とろりとした山

 幼なじみというのは案外噛み合わないものだ。幼少期、私と日吉若は蒟蒻ゼリーとそのプラスチックの入れ物の様にぴったりと寄り添い合っていた。
 あの頃の私たちはお互いのことを何でも知っていた。それなのに体が成長して、男と女に別れてしまった途端、私は若のことがよく分からなくなってしまった。

「好きだよ」

 私を好きになってよ、という意図を滲ませて呟く。放課後の教室から、テニスコートを眺める若が小さな溜息をついた。
 二人きりの教室に吹き込んだ風が若のサラサラとした前髪を揺らす。切れ長の瞳が露になって、しかしそれに私の姿は映っていない。最後に若と見つめあって会話をしたのはもう随分と前のことだ。私が若のことを好きだなんて言いだしたから彼は私の目を見て話すことが出来なくなってしまった。
 ごめんね、若。気まずいんだよね、許してね。頭の中をぐるぐる回るそれらは言葉にならない。数十回目の告白への答えはもちろんNoだ。
 見込みがないことは分かっていて、それなのに私は告白を繰り返す。若は私からの告白に相当なストレスを感じているはずだ。薄い唇が色をなくしている。

「もういい加減に諦めろ」
「そうあっさりと諦められるなら若にそんな顔させてない」
「あっさりじゃないだろ」
「しつこいかな」

 若が頷いた。私は笑う。自分がしつこいことなんて理解している。

「この気持ち何年ものだと思ってるの、そりゃしつこくもなるよ」
「せいぜい一年かそこらだろ」

 若の言う通りだ。私は彼の幼なじみだが、幼いころから彼を好いていたわけじゃない。私が若に惚れたのは、私達が中学校に上がって以降のこと、身長が伸び、男に近づいていく若相手に私は手の平を返したのだ。
 私は若の男の部分に惚れた。テニスラケットを真剣な表情で振るう若は惚れ惚れするほどにいい男だ。
 男は女を好きになるものだ。女は男を好きになるのだから間違いない。性別のある生き物は異性と交尾をするように作られている。だから異性を愛せない人間は異常だ、どこかおかしい――そういうことになっている。その前提から見ると若は異常だ。若は異性を愛せない。私のことが気に入らないわけではないらしい。私は若が男だから若に惚れたのに、若からしてみれば私は女だからいけないのだ。

「若はホモだもんね」

 若がその呼称を嫌っていることを知りながらあえてそう言う。若はゲイだ。男しか愛せない人種なのだ。初恋の相手も男だったという。私は幼い頃、彼の全てを知っているつもりでいたが、彼が“そう”だとは知らずにいた。そうして現在、若の秘密を知る人間は彼が恋した男を除けば私だけだ。
 若の様ないい男を初恋の相手に選んだ私とは違い彼は男を見る目がない。彼の惚れる男の八割は変態で、残りはド変態だ。見る目がないというより変態が好きなのだろう。男の集団の中から変態を見つけだすという能力において彼の右に出る者はなかなか出てこないと思う。
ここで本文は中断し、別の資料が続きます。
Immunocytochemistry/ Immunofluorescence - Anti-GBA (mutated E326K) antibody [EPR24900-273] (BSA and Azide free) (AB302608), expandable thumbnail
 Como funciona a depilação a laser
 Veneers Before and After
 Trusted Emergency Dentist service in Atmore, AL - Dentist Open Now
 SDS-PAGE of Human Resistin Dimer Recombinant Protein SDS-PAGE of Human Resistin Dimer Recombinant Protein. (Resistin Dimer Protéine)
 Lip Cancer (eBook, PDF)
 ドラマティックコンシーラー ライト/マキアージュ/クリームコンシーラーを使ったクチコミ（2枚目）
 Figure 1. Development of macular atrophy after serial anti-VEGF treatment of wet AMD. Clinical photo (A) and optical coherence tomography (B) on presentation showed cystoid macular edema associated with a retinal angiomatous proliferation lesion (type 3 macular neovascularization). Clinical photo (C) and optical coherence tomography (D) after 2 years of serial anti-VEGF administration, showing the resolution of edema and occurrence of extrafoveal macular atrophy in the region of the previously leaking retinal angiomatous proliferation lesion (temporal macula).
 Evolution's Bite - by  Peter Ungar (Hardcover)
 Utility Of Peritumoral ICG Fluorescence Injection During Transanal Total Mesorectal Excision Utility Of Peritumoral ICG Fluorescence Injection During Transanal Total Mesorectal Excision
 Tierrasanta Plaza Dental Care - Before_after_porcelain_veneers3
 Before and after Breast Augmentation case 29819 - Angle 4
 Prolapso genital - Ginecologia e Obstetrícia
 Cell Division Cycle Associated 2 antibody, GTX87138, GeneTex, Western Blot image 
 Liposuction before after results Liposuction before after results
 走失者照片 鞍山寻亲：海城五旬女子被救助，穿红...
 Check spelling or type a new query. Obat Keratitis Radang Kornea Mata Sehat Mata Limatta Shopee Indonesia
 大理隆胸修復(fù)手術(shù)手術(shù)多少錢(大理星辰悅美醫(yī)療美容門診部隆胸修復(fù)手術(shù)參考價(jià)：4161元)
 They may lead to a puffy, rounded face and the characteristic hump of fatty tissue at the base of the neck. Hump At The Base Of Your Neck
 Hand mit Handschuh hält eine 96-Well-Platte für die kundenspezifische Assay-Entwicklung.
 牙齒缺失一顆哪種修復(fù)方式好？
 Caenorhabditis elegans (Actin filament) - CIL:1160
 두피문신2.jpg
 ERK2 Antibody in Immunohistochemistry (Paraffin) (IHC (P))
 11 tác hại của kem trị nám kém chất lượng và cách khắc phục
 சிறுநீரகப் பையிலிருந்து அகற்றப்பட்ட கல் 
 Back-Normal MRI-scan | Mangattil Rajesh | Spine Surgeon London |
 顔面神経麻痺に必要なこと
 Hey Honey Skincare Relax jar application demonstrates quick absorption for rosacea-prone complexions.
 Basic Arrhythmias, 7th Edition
「真面目そうな顔して変態男しか愛せないんだから気持ち悪い」
「同じ男に何十回も告白し続ける女も気持ち悪いだろ。病んでるんじゃないか、お前」
「幼なじみ、しかも好きな相手がゲイなんだか病みもするでしょ」
「どんな性癖を持ってても俺の自由だろ」
「そうだね、私がアンタのことを好きでい続けるのも自由だ」
「あまり困らせるなよ」

 眉尻を下げた若が俯いた。若はクールに見えて案外優しい奴なので、私に無駄な時間を過ごさせていることに心を痛めているのだ。
 若は私によく自分が好きな男の、恋人の話をしてくれる。どこで見つけてくるのか若の恋人はかなり頻繁に変わるが、毎回違ったタイプの変態なので覚えやすい。
 二人前の恋人は塗装屋だった。若はワイシャツをめくって、私にペンキで真っ赤に染まった腹を見せてくれた。
 前回の恋人は女子校の教師だった。更衣室から盗んだ女生徒の体操着の匂いを嗅ぎながら若とことに及んだその男はつい昨日変態教師として新聞に名前を連ねていた。
 若は私に幻滅されたいのだ。だから変態に犯される情けない自分について語って聞かせる。
 しかし私は若に幻滅してやることが出来ない。愛は盲目だ。変態ばかりを選んでしまうこの変態男を本当の意味で愛せるのは自分しかいないのではないかと思ってしまう。むしろ私は若が変態を愛している以上彼を諦めることが出来ないのだ。

「若は可愛いね」

 つまらない、いやある意味面白すぎる男にばかり恋してしまう若は馬鹿だ。可愛くて仕方がない。

「よく言われる」
「変態に?」
「ああ」

 それじゃあ私も変態だ、と笑うと、低い声で「よせ」と言われた。若は私のことを思ってそう言ってくれるのだろうが、私は変態になってみたい。変態の、男になりたい。そして若を檻の中に閉じ込めてやるのだ。若は抵抗するだろうか、変態を愛した自分が悪いと肩を落とすだろうか、どちらにしても悪くない反応だ。告白するたび悲しげな顔をされるよりは随分いい。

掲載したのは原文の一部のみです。